### TASK BRIEF
Return each line below exactly as it reads, and omit any image in it.

### Entries taken from a collection
++++++

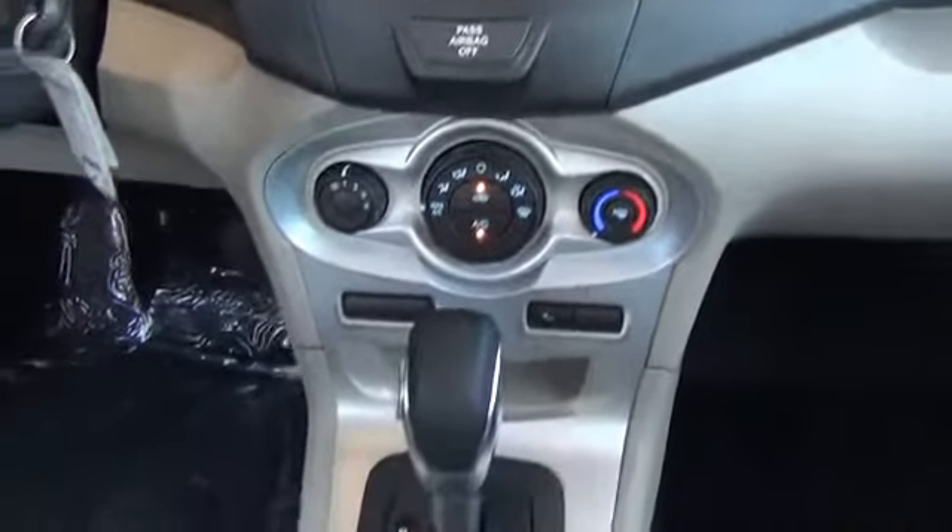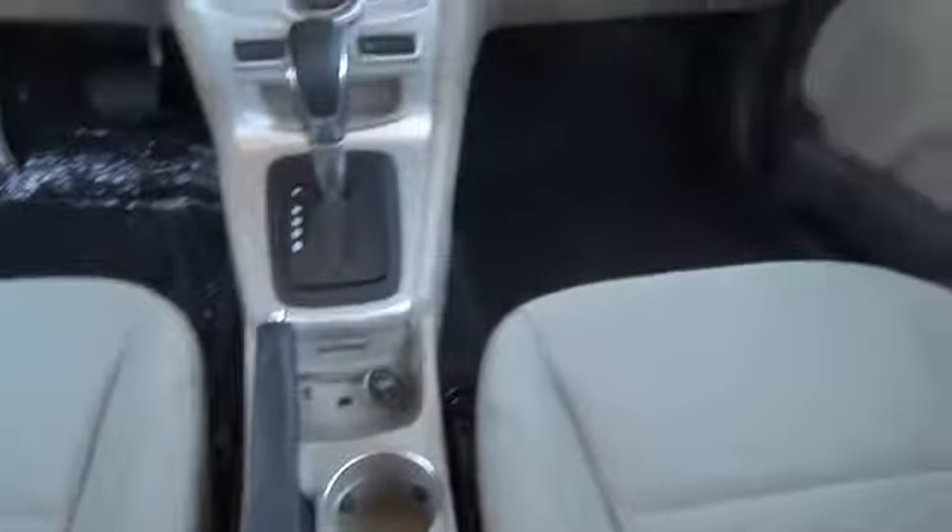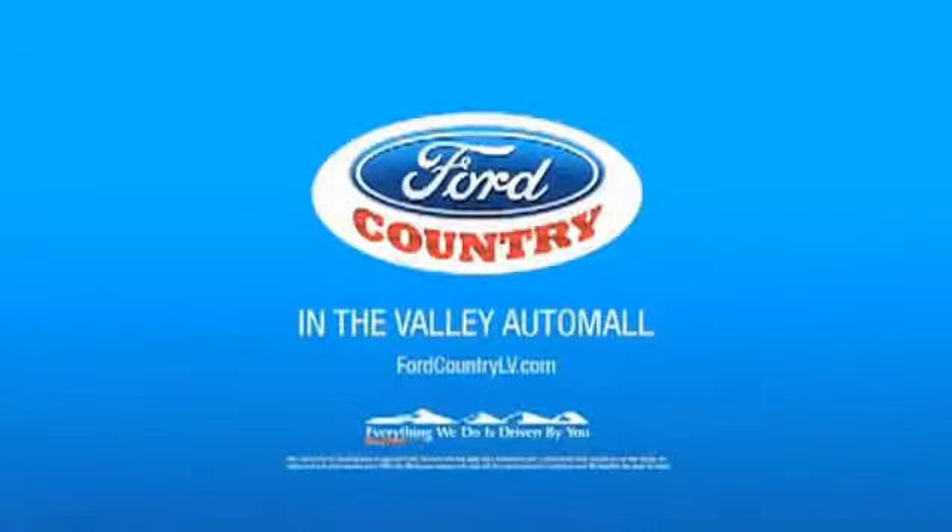Cruise control. Rest easy knowing this vehicle comes with a Carfax vehicle history report from Carfax, the most trusted provider of vehicle history information. Great quality at a great price. Call or click to contact us today. Visit Ford Country in the Valley Auto Mall today.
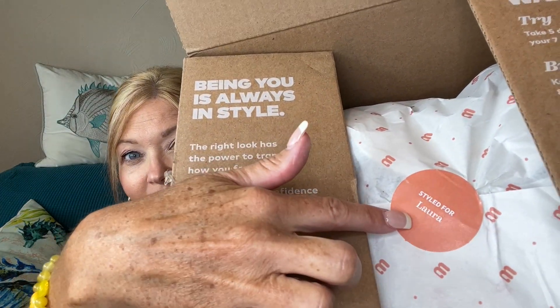Wantable is a style subscription box — you get seven items, keep five or more and you get 20% off; otherwise keep what you love, send back what you don't, and your $20 styling fee will go against anything you decide to keep. Right on the flaps it tells you what to do, and on the sticker on your bundle it is personalized and has your name. I love that.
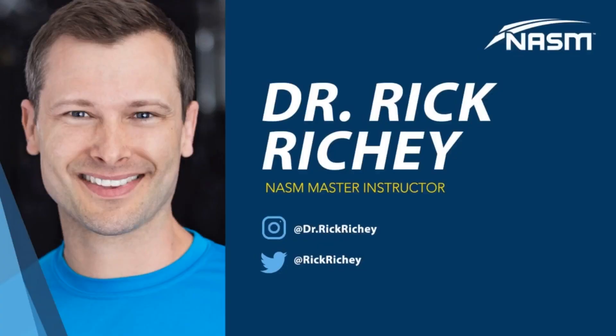Hope you're well. Keep inspiring people to fitness. Thanks for listening. You can reach out on Instagram at dr.rickrichie, on Threads, or email rick.richie@nasm.org. This has been the NASM CPT Podcast.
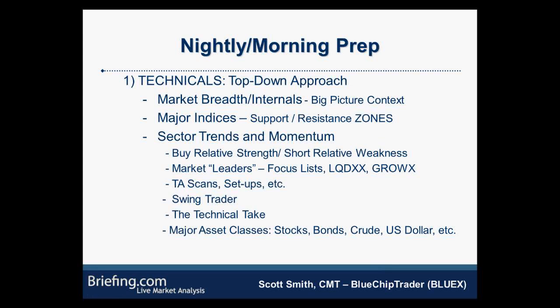I am a technical analyst — that's my main function, and I take everything from a technical viewpoint. I go from a top-down approach, starting with market breadth and internals to get a big picture. I do then look at the major indices — the Dow, S&P, NASDAQ, Russell — and mark off zones. Technical analysis is not an exact science; to trade to the exact penny is extremely difficult. You have to focus on major zones of resistance, major zones of support, congestion areas, 50-day and 200-day moving averages.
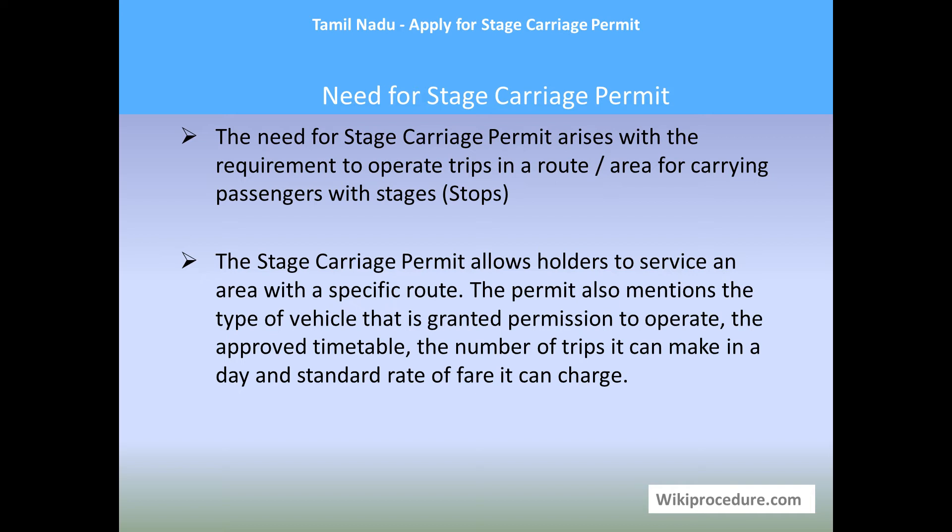A trip means the flow from one place to another, and coming back from that place to the origin is another trip. In a route area, for carrying passengers with stages — stages being nothing but stops — the stage carriage permit allows the holder to service an area with a specific route. The permit also mentions the type of vehicle granted permission to operate, the approved timetable, the number of trips it can make in a day, and the standard rate of fare it can charge, all as per government norms. The government also regulates the number of vehicles permitted to pass on a particular route per day for smooth running of public transport.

++++++

### WRITTEN ANSWER
Cruise control. Rest easy knowing this vehicle comes with a Carfax vehicle history report from Carfax, the most trusted provider of vehicle history information. Great quality at a great price. Call or click to contact us today. Visit Ford Country in the Valley Auto Mall today.
Wantable is a style subscription box — you get seven items, keep five or more and you get 20% off; otherwise keep what you love, send back what you don't, and your $20 styling fee will go against anything you decide to keep. Right on the flaps it tells you what to do, and on the sticker on your bundle it is personalized and has your name. I love that.
Hope you're well. Keep inspiring people to fitness. Thanks for listening. You can reach out on Instagram at dr.rickrichie, on Threads, or email rick.richie@nasm.org. This has been the NASM CPT Podcast.
I am a technical analyst — that's my main function, and I take everything from a technical viewpoint. I go from a top-down approach, starting with market breadth and internals to get a big picture. I do then look at the major indices — the Dow, S&P, NASDAQ, Russell — and mark off zones. Technical analysis is not an exact science; to trade to the exact penny is extremely difficult. You have to focus on major zones of resistance, major zones of support, congestion areas, 50-day and 200-day moving averages.
A trip means the flow from one place to another, and coming back from that place to the origin is another trip. In a route area, for carrying passengers with stages — stages being nothing but stops — the stage carriage permit allows the holder to service an area with a specific route. The permit also mentions the type of vehicle granted permission to operate, the approved timetable, the number of trips it can make in a day, and the standard rate of fare it can charge, all as per government norms. The government also regulates the number of vehicles permitted to pass on a particular route per day for smooth running of public transport.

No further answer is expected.